*** THE RECORDS Section Begins ***
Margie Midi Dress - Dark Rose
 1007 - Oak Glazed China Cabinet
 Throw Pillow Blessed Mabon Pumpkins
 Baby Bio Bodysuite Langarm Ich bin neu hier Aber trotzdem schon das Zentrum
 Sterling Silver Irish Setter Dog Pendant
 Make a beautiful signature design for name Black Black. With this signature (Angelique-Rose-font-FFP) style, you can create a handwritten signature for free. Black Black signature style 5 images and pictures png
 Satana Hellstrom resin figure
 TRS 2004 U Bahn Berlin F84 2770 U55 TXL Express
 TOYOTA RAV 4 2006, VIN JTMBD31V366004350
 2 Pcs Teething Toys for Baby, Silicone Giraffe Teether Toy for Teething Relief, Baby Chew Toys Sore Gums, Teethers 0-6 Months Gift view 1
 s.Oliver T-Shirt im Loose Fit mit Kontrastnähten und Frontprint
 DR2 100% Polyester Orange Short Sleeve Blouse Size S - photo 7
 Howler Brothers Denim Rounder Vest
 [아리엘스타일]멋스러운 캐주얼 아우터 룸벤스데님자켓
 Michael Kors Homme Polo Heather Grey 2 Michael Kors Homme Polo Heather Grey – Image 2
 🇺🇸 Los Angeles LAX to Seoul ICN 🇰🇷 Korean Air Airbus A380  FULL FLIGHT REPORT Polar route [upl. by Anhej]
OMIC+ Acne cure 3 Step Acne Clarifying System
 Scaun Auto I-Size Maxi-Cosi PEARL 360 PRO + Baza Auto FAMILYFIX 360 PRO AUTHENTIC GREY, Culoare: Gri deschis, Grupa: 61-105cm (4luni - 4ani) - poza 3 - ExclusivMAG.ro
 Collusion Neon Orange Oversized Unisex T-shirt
*** THE RECORDS Section Ends ***
Lines before the one containing "OMIC+ Acne cure 3 Step Acne Clarifying System" are to be left out; that line and every line after it through the end of the data should be copied exactly.

OMIC+ Acne cure 3 Step Acne Clarifying System
 Scaun Auto I-Size Maxi-Cosi PEARL 360 PRO + Baza Auto FAMILYFIX 360 PRO AUTHENTIC GREY, Culoare: Gri deschis, Grupa: 61-105cm (4luni - 4ani) - poza 3 - ExclusivMAG.ro
 Collusion Neon Orange Oversized Unisex T-shirt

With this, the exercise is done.